"Without Purse or Scrip" by Liz Lemon Swindle
Have you considered the flesh-and-blood Jesus lately?
Mark chapter 1: Jesus took the hand of Simon's mother-in-law and helped her up. Jesus reached out his hand and touched a man with leprosy.
Mark chapter 2: Jesus walked along the lake. He ate dinner at Levi's house.
Mark chapter 3: Jesus was jostled by crowds. He climbed a mountain. His eyes scanned the faces of those sitting around him.
Mark chapter 4: Jesus got into a boat and sat in it out on the lake. He slept on a cushion in the stern of the boat. He got up in the middle of a storm and rebuked the elements.
Mark chapter 5: Jesus felt power go out of him. He looked around the crowd, trying to see who had touched his clothes. He took a little girl's lifeless hand in his own hand, telling her to get up.
Mark chapter 6: Jesus laid his hands on sick people, healing them. He looked up to heaven when he gave thanks for bread. He broke bread and divided fish, handing out the pieces to be passed along to five thousand people. He walked on the lake. He climbed into the boat at the end of his walk on water.
Mark chapter 7: Jesus walked miles and miles to Tyre and Sidon. He put his fingers in a deaf man's ears. He spit and touched the tongue of the man, who also couldn't talk. He looked up to heaven and sighed ... sighed ... deeply.
And he spoke, and taught, and prayed.
"Lord, I Believe," by Liz Lemon Swindle |
I am reading through the gospel of Mark in my morning devotions. I've only finished the first seven chapters, but over and over I notice indications of the physicality of Jesus. He touches. He climbs. He talks. He eats. He sighs. He looks, and looks, and looks again.
Visiting Israel when I was eighteen years old, I was overwhelmed by a feeling of amazement that it all really existed. The holy land was not a myth, like Hansel and Gretel or Aesop's fables or Cinderella. Here were the places I had heard about and read about since I was too young to speak, here were the hills that Jesus had looked at, the lake he crossed so many times, the river in which he was baptized. It was all real. It was all physical. Jesus existed here, in this place, nearly 2000 years before I arrived on this piece of earth.
Again, reading the book of Mark, I'm struck by the physicality of the text. As one of my Bible study group friends pointed out last week, it's the details of the story that remind you that it wasn't a myth. It really happened. No one makes up stories with this kind of detail, no one else has fabricated a man who delivers anything like this collection of teachings. It comes alive all over again as you visualize it: you watch Jesus pick up the lifeless hand of a little girl; you hold your breath watching him look around and scan the faces of the crowd for the telltale expression of the one who touched his clothing; you hear the rocks roll under his footfalls as he walks the dusty paths; you see his chest heave with a big, full-lung sigh and his face turned up toward heaven before he tells the deaf man's ears to "be opened."

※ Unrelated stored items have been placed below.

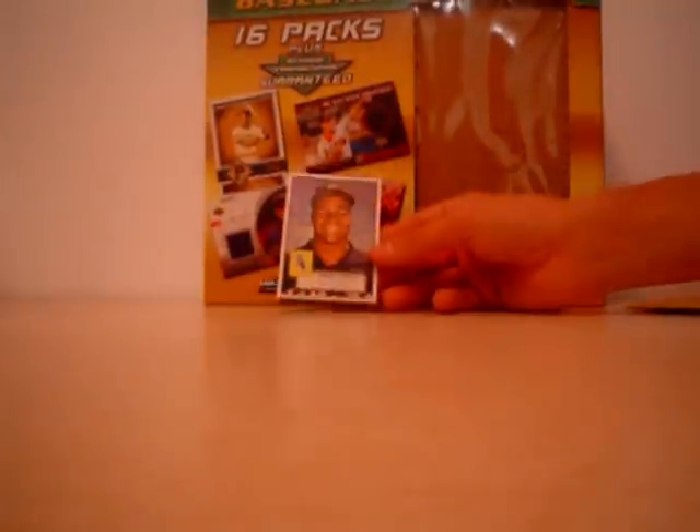I got a Topps 52, 2006. And a Draft Flashback Frank Thomas insert. And that's it.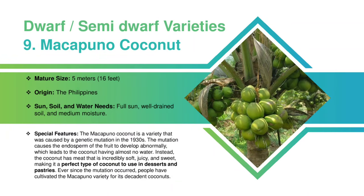Makapuno Coconut: Makapuno coconut trees grow up to 5 meters. This is originated in the Philippines. It requires full sun, well-drained soil, and medium moisture. The Makapuno coconut is a variety that was caused by a genetic mutation in the 1930s. The mutation causes the endosperm of the fruit to develop abnormally, which leads to the coconut having almost no water. Instead, the coconut has meat that is incredibly soft, juicy, and sweet, making it a perfect type of coconut to use in desserts and pastries. Ever since the mutation occurred, people have cultivated the Makapuno variety for its decadent coconuts.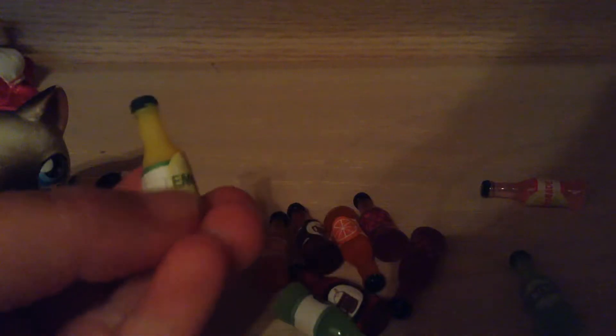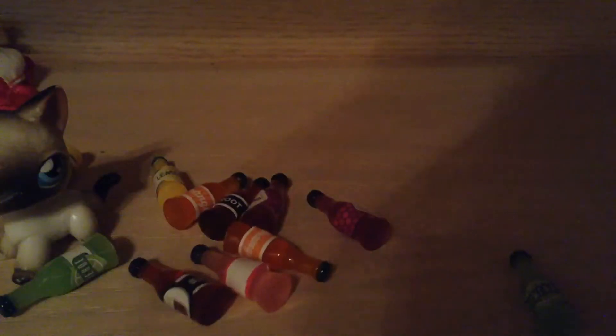There's all different kinds — there's like lemonade, and just all different kinds of sodas. There's orange, and grape, and I don't know what kind that is, pink lemonade, and there's just all kinds of different sodas, and lime.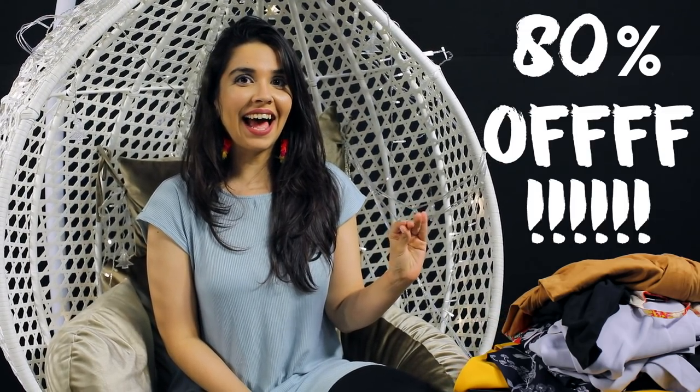RGEO had this crazy offer of buy 5 at 80% off and I bought way too much stuff. This is not all that you have to see — there are 5 shoe boxes down there. Welcome to a massive and crazy RGEO haul for mostly flat 80% off. We'll just dig into this pile and then we'll move on to footwear.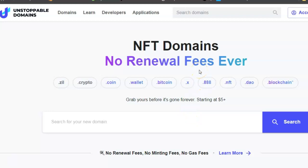Hey guys, I want to tell you about buying your own NFT domain with no renewal fees ever. You pay for a domain name of your choice if it's available, you only have to pay once, and it's yours forever.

Children around the age of five or six are concerned about what is make-believe and what is real. Is that a real story? Is Santa Claus real? Are angels real? In some way, I think, we continue to negotiate that question throughout our lives. I admit that I do, reading these old familiar stories and looking for the real flesh-and-blood Jesus. The story doesn't amount to a hill of beans unless you settle the question of his physicality, his real 3-D existence in a very real world inhabited by you and me.